When stone was the primary material used for tool-making, obsidian was in high demand because of its ability to take and hold a sharp edge. In the Neolithic of Europe and Asia it was traded over an enormous area and the monograph I mentioned discusses the extent and timing of that trade, determined by performing a chemical analysis of the remnants of obsidian tools found in various archaeological digs around the world.
As it turns out there was a critical obsidian shortage in Europe and Asia something around 8,000 year ago. That shortage drove people to experiment with substitutes for obsidian. They tried copper, then bronze. Later (and as copper became scarcer) iron and even later steel were used for the purposes once served by obsidian. Nowadays, you’re much more likely to hear somebody complaining “Where the heck is that hammer?”, invariably a steel hammer, than about the obsidian shortage.
Without that obsidian shortage in antiquity the world as we know it would not exist. I can tell very similar stories about agriculture, paper, or dozens of other materials and tools.
That’s what I thought of when I read this op-ed on world resources at the Wall Street Journal:
How many times have you heard that we humans are “using up” the world’s resources, “running out” of oil, “reaching the limits” of the atmosphere’s capacity to cope with pollution or “approaching the carrying capacity” of the land’s ability to support a greater population? The assumption behind all such statements is that there is a fixed amount of stuff—metals, oil, clean air, land—and that we risk exhausting it through our consumption.
“We are using 50% more resources than the Earth can sustainably produce, and unless we change course, that number will grow fast—by 2030, even two planets will not be enough,” says Jim Leape, director general of the World Wide Fund for Nature International (formerly the World Wildlife Fund).
But here’s a peculiar feature of human history: We burst through such limits again and again. After all, as a Saudi oil minister once said, the Stone Age didn’t end for lack of stone. Ecologists call this “niche construction”—that people (and indeed some other animals) can create new opportunities for themselves by making their habitats more productive in some way. Agriculture is the classic example of niche construction: We stopped relying on nature’s bounty and substituted an artificial and much larger bounty.
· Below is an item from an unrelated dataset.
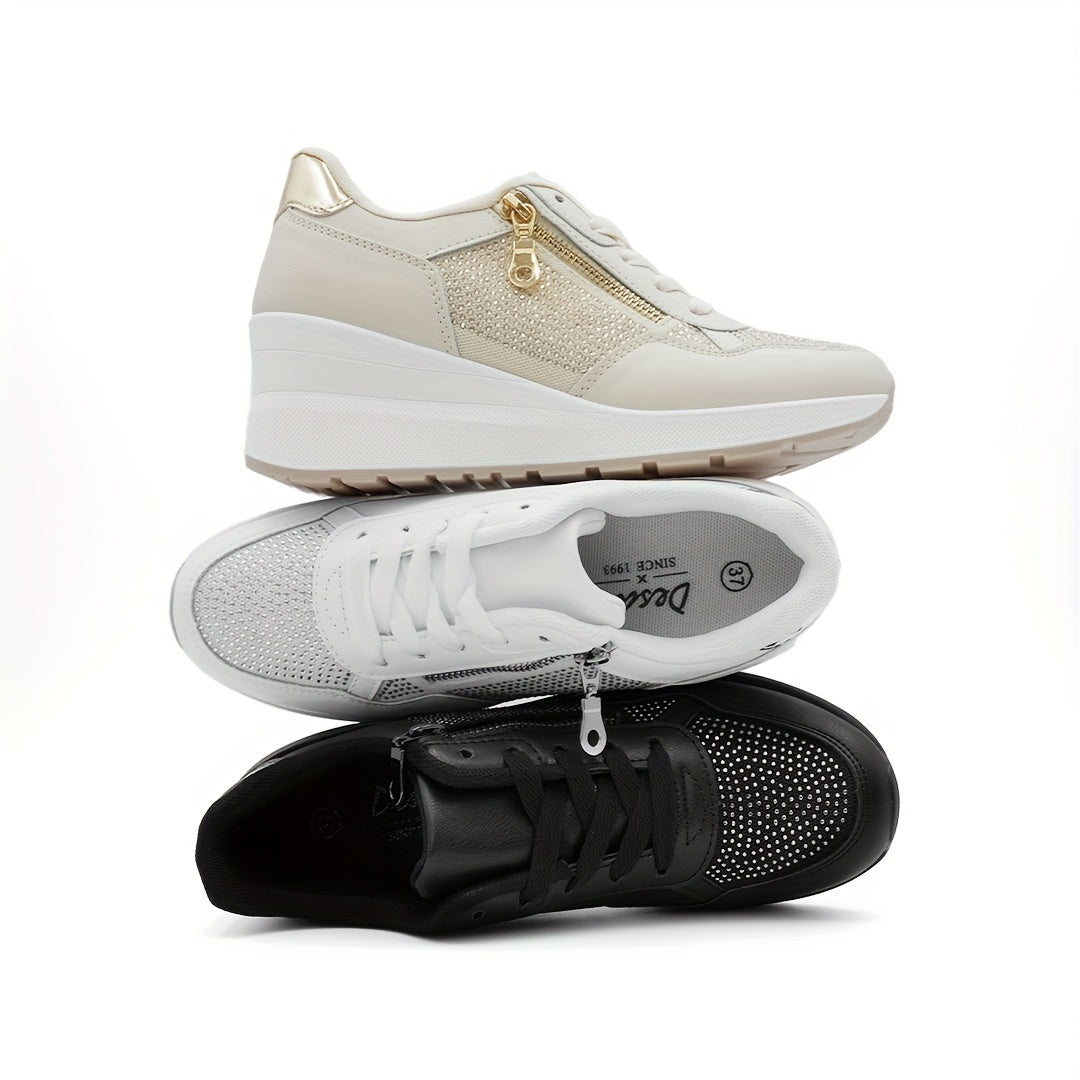 Ladies' Non-Slip Lace-Up Casual Sports Shoes with Zipper and Sequins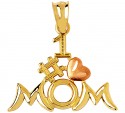 # 1 Mom Gold Pendant With Pink heart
We have not run out of everything and I believe that the likelihood that we will do is vanishingly small. Is is possible that we will? Sure. It’s also possible that when the sun goes down tomorrow night it will never return or that when you step out of bed in the morning you’ll fall through the floor, the molecules of your body slipping through the floor’s molecules. For some reason the same people who are worried about running about of everything don’t seem to be as worried about those other two eventualities. They still go to bed at night and get up again in the morning after, presumably, a good night’s sleep.